Occupy Minnesota in row with authorities over use of tents as temperatures drop
About 50 Occupy Minnesota protestors listed off why they wanted to risk arrest at Steve Payne’s teach-in on Saturday.
Some said their goal was “to end capitalism.” Others said they protested “because the Federal Reserve and banks stole trillions.” Or for others, the end result was “to make a change” or “to stop just talking about a revolution.”
Those broader grievances, though, were tied to a more specific one on the ninth day of Minnesota’s nascent spinoff of the Occupy Wall Street movement that has swept the nation: the desire for shelter to continue protesting in the face of Minnesota’s frigid weather.
The county had told Occupy Minnesota that its members could sleep on the public plaza overnight, and it set up bathrooms and an open-air canopy for them. Closed structures like tents, though, were prohibited, and demonstrators said the canopy provided little protection. “We have the right to shelter when we’re protesting,” Diana Turner, an organizer, said. “Just because we have a winter doesn’t mean we shouldn’t have accommodation for that. We have a right to protect our First Amendment rights.”
Payne briefed group of demonstrators on the plan. “Today we are peaceful and we are non-violent,” he said, starting off the short-teach in, before they moved to the grassy knoll and locked arms around the clear plastic tents they set up in defiance of county authorities. “We are not going to fight the police.”
Raising wiggly fingers in the air, the group came to a consensus that they were not going to resist arrest, while still acknowledging that they faced it. Payne led them in a trial run in forming a circle with locked arms, where they passed around markers to jot a number for Occupy Minnesota Legal Aid on their arms.
The group, which carried the tents to the southern side of Hennepin County’s Government Center after the teach-in, was diverse. At 72, Sarah Martin has three children, five grandchildren and a great grandson. A retired nurse with a long history of anti-war activism, Martin, arms locked in the human chain formed around the tents, said that this one’s for the youth. After pondering how billions of taxpayer dollars could be used other than to fund the 10-year war in Afghanistan, she maintained that there “must be tents” for the occupation to continue.

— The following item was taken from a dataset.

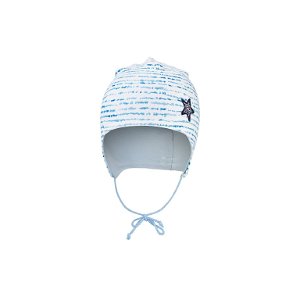 LITTLE ANGEL Čepice podšitá zavazovací Outlast® modrý proužek/sv.modrá vel. 0 | 33-35 cm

“This is public land,” Martin said. “Finally, people are rising up in a big way.”
At the other end of the demographic spectrum was Camille Roberts, 23, mentioned the foreclosures sweeping Minnesota homeowners. “Now they’re trying to evict us and foreclose on us occupying a public space.”
Tim Standish, 14, is hardly a freshman in high school. The eventual confiscation of the tents was “pretty screwed up,” he said later, because everyone has a right to housing.
Sitting in a circle around the tents at 8:30 Saturday night with him, Angela Skillern, 18, a freshman in college, helped drape one of the blankets being passed around over herself, Standish and two other friends, who all came out together. The anticipated police action had not yet commenced and it was getting cold. Skillern, who takes a full credit load while drawing a $200 paycheck every two weeks with her job, says the main reason she’s protesting is that education costs too much. But she also focused on what they perceived to be the more immediate injustice of the night: shelter. “I heard a cop say that this isn’t a campground,” she said. “We’re exercising our First Amendment rights. And we have a right to safety.”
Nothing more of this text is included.